Coin Center has published a detailed comparison of the revised BitLicense, released by the NY Department of Financial Services on Wednesday, with the previous version. The organisation’s leaders, Jerry Brito and Peter Van Valkenburgh, found the changes that have been made to the proposal “encouraging”.


“NYDFS has shown a willingness to embrace criticism that should be celebrated by the Bitcoin community. This new draft clearly indicates that the many comments submitted in the previous comment period were reviewed and considered,” they write in a blogpost.

Coin Center positions itself as non-profit research organisation that specialises on bitcoin and cryptocurrency policy. They see their mission in promoting a regulatory climate that would be favourable for blockchain innovations.

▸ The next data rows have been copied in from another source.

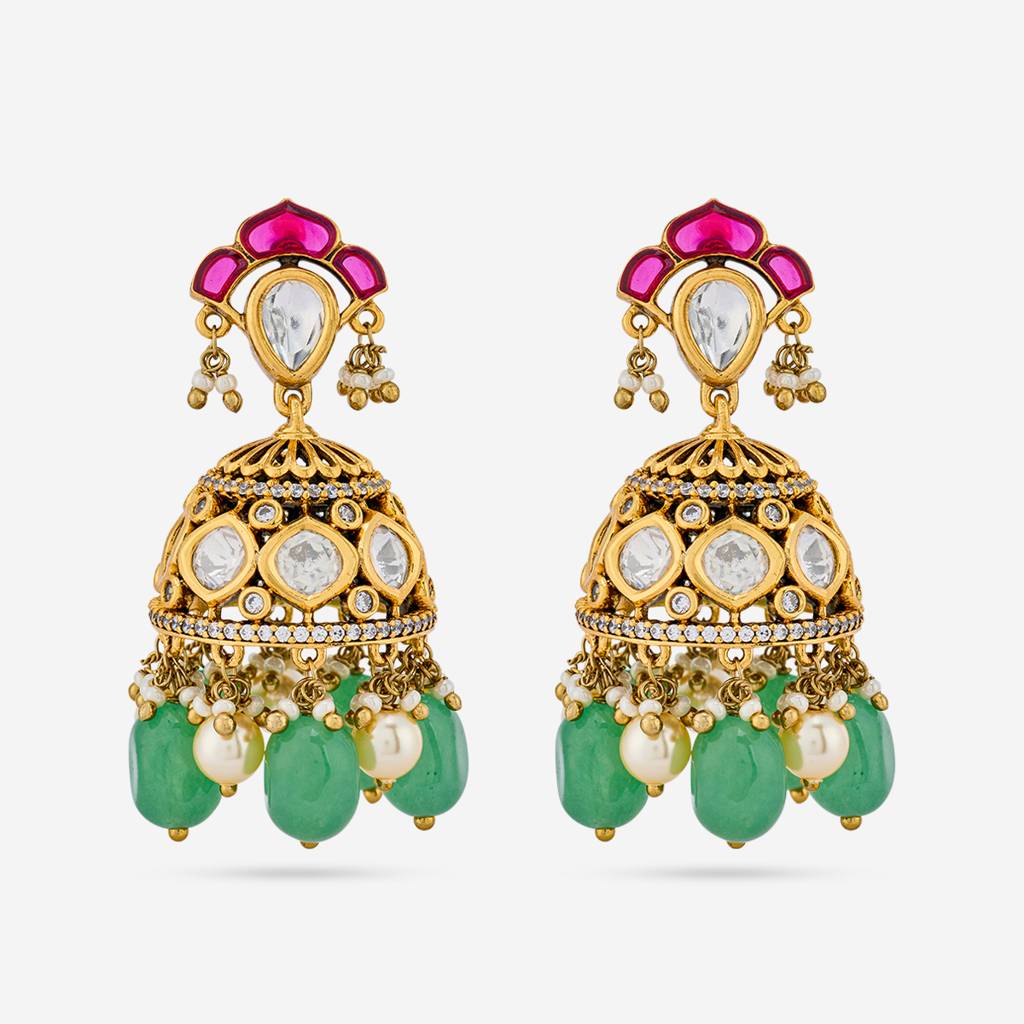 Ruby-Green Victorian - Plated Bridesmaid Kundan Earring - 472332 : 472332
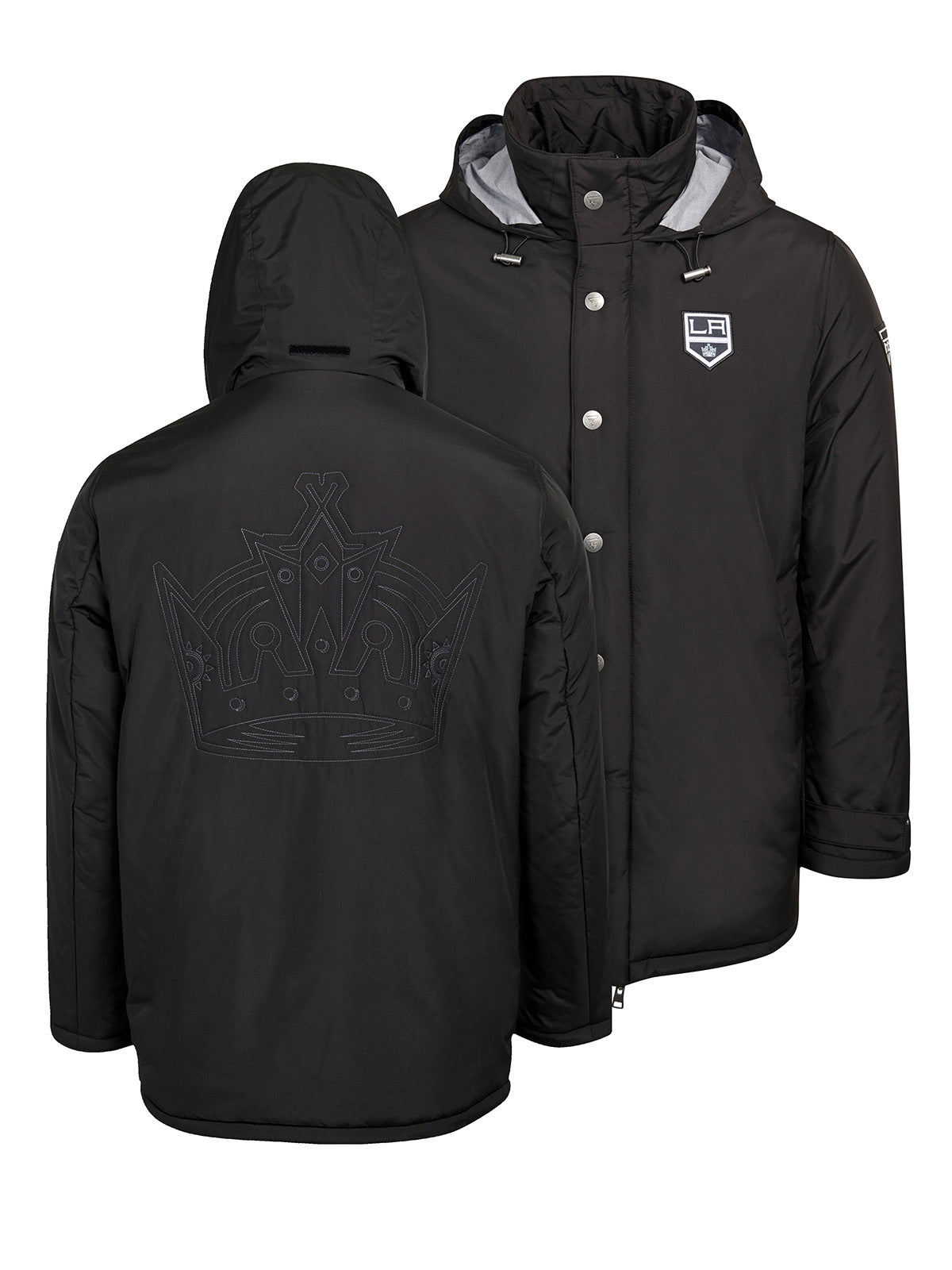 Los Angeles Kings Coach's Jacket - The jacket features a quilted stitch of the Los Angeles Kings logo centered on the back and has a removal hood in the team colors, elevating this NHL hockey clothing collection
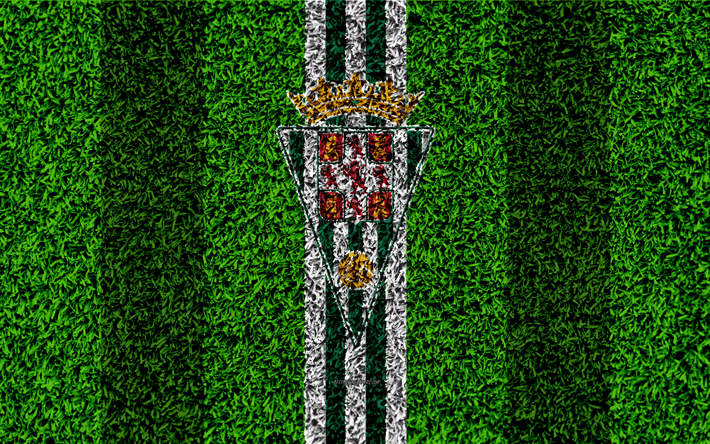 قرطبة CF, شعار, 4k, كرة القدم العشب, الاسباني لكرة القدم, LaLiga2, الأخضر خطوط بيضاء, العشب الملمس, الثاني, شعبة ب, قرطبة, إسبانيا, كرة القدم, قرطبة FC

In the Coin Center file, the additions found in the new draft of the law are highlighted in blue and the deleted parts are crossed out in red. The comparison indicates that some sections were expanded after the comment period. In one example, definitions of ‘Gift cards’ and ‘Qualified custodians’ have been added. The new document requires licensees to provide verification from the New York State Department of Taxation and Finance that they are in compliance with all tax obligations.

Among other changes was the introduction of a two-year conditional license for those who do not meet all requirements when applying for the license. The Anti-money laundering and Cyber security programmes are described in more detail. Coin Center experts also found some changes in the definition of ‘Virtual currency Business Activity’, which now excludes “the development and dissemination of software in and of itself”.

Regarding the recording of transactions, the new draft allows licensees to collect the recipients’ personal details only “to the extent practicable”, thus making the process of gathering information easier for businesses.

“This is fundamentally important because Bitcoin and other decentralized virtual currencies are open platforms. That openness means that senders will not always know the ID of their recipients, just as you don’t always know who lies behind an email address or a website”, Coin Center’s analysis reads. “By permitting business to operate without necessarily recording recipient data when it is not provided by the customer, the DFS shows that they understand the importance of that open technology and wish to preserve it.”

Coin Center states that they still have concerns about the law and raise a range of questions about multi-sig providers, decentralised currency issuance, and exemptions granted at the discretion of the superintendent. The organisation is getting ready for a new comment period.